**EXERCISE**
Nothing in the entries may change when you repeat them, and no images may appear.

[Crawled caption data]

::::

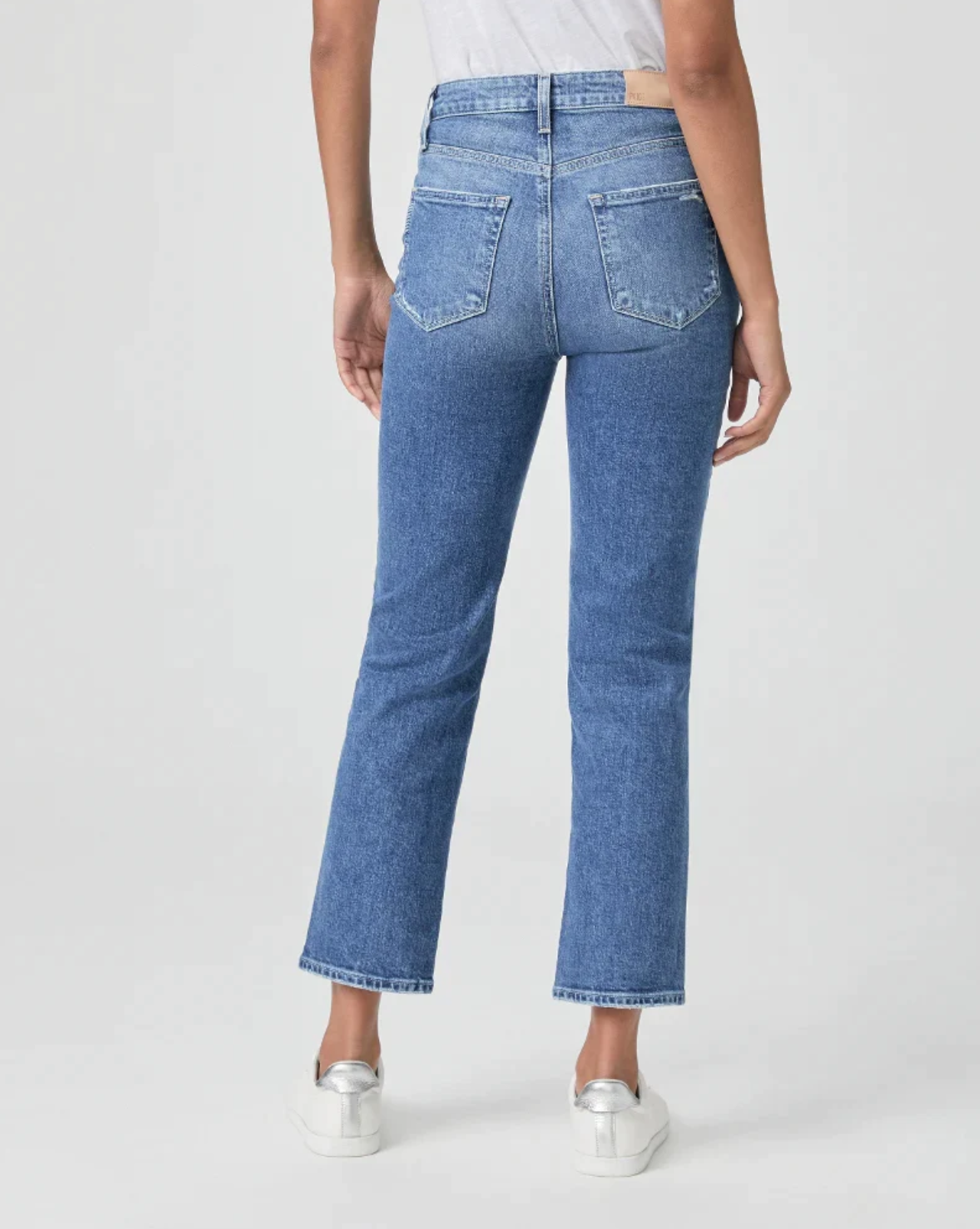 waist down rear view of the federal slim straight jean from paige in russ blue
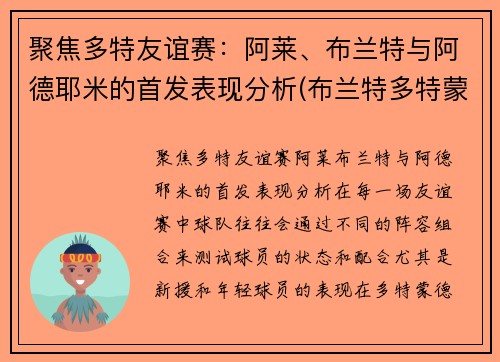 聚焦多特友谊赛：阿莱、布兰特与阿德耶米的首发表现分析(布兰特多特蒙德)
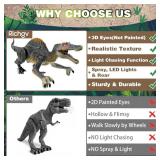 Upgraded Dinosaur Toys for Kids 3-5-7 Years Old, Remote Control Spinosaurus Toys with Indicator Light ChasingandSprayand Roar, Realistic RC Walking Dinosaur Robot Gifts Stocking Stuffers for Kids Boys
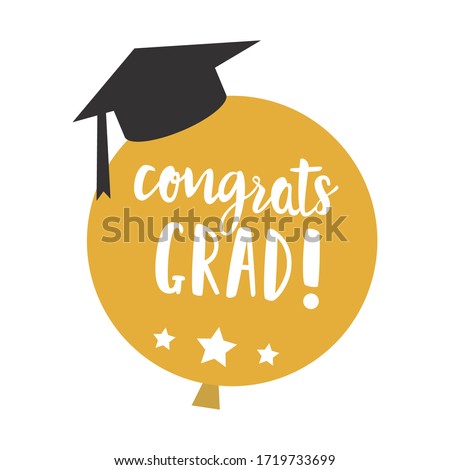 Congrats Grad Balloon with Graduation Cap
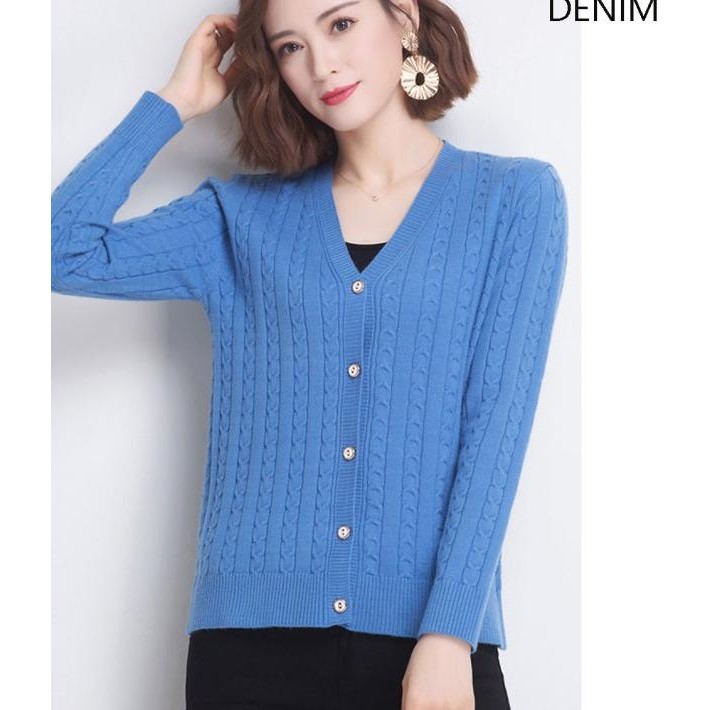 Cable Knit Cardigan Sweater Wanita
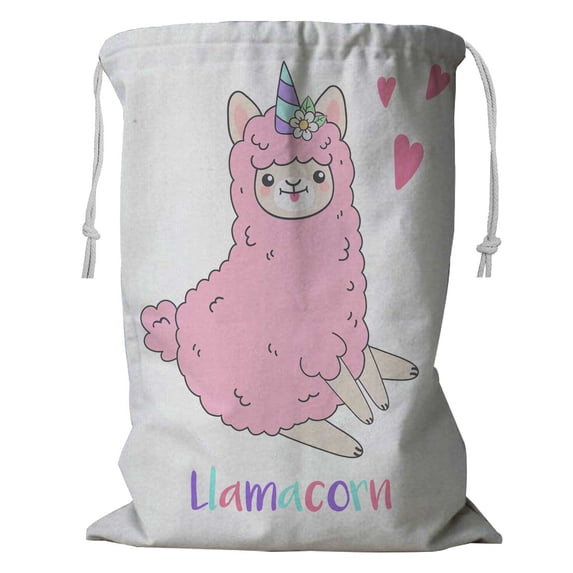 PKQWTM Funny Smiling Pink Unicorn Llama (Alpaca) Storage Basket Laundry Bag with Drawstring Size 24x32 Inch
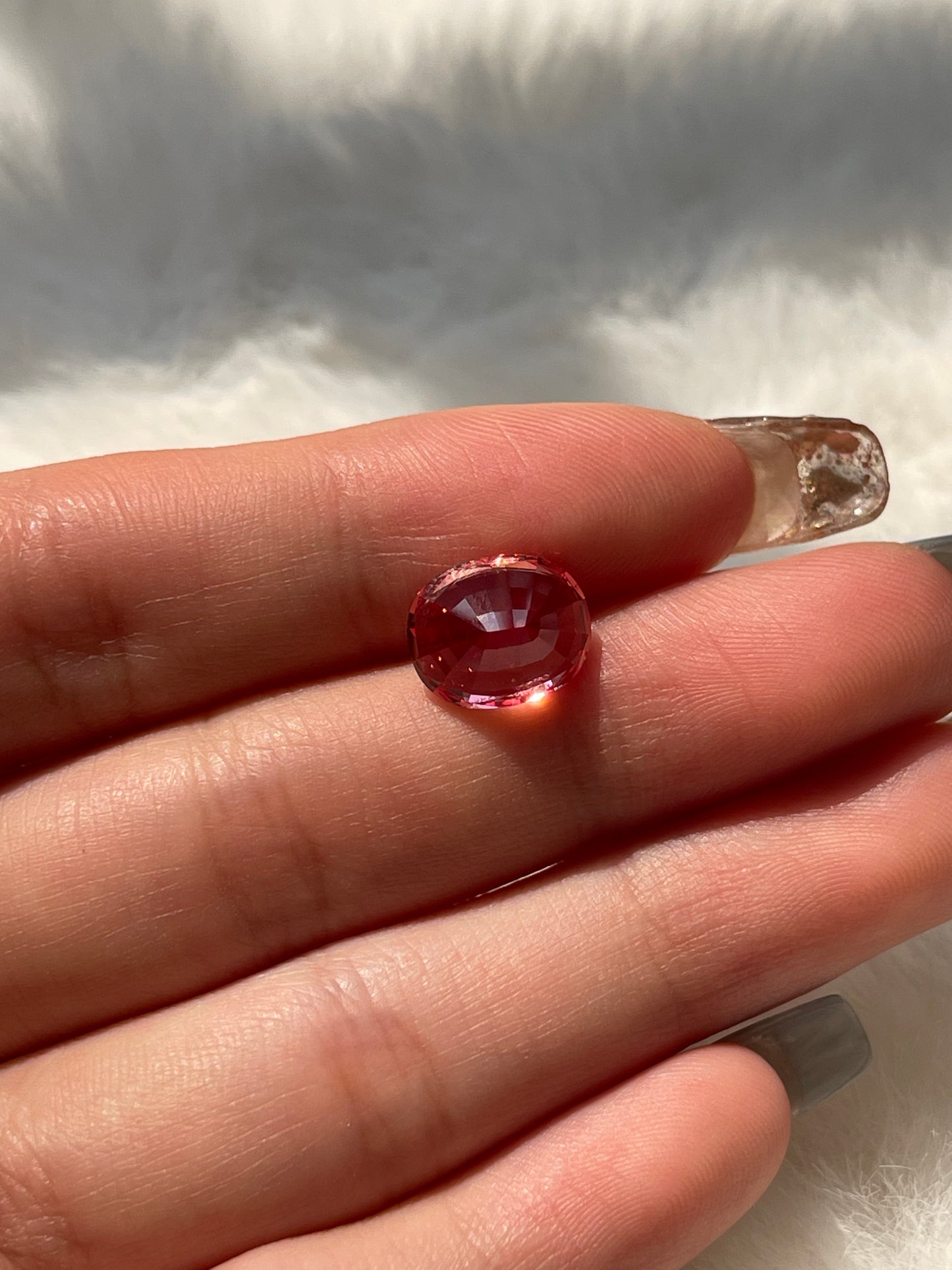 Pirmiana Oval shape Lab Grown Padparadscha Loose Gemstones for Jewelry Making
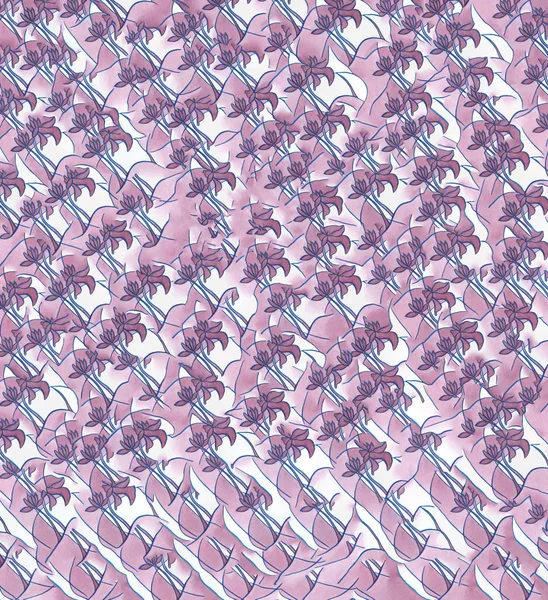 Безшовний нескінченно фіолетовий абстрактний акварельний візерунок з квітковою лінією Градієнтний фон — стокове фото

::::

**SOLUTION FOR THIS PROBLEM**
 waist down rear view of the federal slim straight jean from paige in russ blue
 聚焦多特友谊赛：阿莱、布兰特与阿德耶米的首发表现分析(布兰特多特蒙德)
 Upgraded Dinosaur Toys for Kids 3-5-7 Years Old, Remote Control Spinosaurus Toys with Indicator Light ChasingandSprayand Roar, Realistic RC Walking Dinosaur Robot Gifts Stocking Stuffers for Kids Boys
 Congrats Grad Balloon with Graduation Cap
 Cable Knit Cardigan Sweater Wanita
 PKQWTM Funny Smiling Pink Unicorn Llama (Alpaca) Storage Basket Laundry Bag with Drawstring Size 24x32 Inch
 Pirmiana Oval shape Lab Grown Padparadscha Loose Gemstones for Jewelry Making
 Безшовний нескінченно фіолетовий абстрактний акварельний візерунок з квітковою лінією Градієнтний фон — стокове фото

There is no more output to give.